* What you are asked to do:
When a line of the records contains "Spring", copy it.

* Caption-style text data:
§ §
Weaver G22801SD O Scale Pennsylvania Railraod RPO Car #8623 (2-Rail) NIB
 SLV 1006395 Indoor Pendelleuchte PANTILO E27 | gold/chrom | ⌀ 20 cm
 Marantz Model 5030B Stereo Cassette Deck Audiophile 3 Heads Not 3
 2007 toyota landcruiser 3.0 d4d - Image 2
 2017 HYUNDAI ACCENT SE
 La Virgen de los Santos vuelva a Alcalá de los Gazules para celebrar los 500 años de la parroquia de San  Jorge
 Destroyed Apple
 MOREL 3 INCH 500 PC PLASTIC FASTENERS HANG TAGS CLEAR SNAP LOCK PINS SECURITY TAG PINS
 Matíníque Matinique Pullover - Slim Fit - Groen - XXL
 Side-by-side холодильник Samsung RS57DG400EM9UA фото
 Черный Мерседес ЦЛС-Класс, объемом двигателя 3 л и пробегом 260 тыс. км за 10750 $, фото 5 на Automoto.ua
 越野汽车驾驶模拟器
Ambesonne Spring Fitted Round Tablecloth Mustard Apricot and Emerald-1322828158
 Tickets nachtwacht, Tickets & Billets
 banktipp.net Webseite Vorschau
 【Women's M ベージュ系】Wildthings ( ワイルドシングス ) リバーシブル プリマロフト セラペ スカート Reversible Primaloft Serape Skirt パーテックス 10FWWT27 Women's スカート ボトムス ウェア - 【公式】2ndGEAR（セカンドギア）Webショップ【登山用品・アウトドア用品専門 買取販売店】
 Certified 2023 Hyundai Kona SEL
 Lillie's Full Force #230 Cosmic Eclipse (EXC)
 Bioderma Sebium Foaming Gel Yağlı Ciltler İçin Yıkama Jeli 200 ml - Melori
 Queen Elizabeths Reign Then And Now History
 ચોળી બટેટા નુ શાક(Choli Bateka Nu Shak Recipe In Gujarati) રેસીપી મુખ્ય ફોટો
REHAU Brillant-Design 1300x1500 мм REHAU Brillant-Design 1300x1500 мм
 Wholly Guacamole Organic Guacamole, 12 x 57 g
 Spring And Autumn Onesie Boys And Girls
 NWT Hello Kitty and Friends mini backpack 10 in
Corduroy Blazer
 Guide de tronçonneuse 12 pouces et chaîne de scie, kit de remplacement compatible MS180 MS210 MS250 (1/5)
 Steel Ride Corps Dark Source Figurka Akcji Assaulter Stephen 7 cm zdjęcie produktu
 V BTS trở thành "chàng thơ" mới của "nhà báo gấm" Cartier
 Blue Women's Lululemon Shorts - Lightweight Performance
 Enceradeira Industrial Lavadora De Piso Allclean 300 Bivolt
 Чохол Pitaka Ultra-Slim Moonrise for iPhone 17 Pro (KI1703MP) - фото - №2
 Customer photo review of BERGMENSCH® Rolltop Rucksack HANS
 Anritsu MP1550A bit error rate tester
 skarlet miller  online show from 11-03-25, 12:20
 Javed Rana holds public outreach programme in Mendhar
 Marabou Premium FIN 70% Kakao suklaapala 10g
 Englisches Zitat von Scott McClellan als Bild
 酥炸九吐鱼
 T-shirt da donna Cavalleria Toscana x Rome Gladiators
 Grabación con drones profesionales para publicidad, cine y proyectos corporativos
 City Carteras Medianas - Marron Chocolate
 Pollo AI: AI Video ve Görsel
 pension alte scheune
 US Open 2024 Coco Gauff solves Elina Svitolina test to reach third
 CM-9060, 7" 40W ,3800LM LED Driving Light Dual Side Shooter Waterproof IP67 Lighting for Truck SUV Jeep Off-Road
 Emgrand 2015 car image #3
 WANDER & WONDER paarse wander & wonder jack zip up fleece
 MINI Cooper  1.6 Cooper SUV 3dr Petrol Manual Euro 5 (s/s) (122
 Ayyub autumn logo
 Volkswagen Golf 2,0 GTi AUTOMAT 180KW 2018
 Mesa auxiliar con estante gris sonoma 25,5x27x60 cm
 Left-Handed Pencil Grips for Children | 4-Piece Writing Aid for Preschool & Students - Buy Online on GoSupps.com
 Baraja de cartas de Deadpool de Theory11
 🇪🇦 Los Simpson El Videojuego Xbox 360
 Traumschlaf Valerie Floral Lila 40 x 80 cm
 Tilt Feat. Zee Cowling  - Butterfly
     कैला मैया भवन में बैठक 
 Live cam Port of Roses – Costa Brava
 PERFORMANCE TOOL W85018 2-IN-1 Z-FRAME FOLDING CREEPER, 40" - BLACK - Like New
§ §
* Answer to the problem:
Ambesonne Spring Fitted Round Tablecloth Mustard Apricot and Emerald-1322828158
 Spring And Autumn Onesie Boys And Girls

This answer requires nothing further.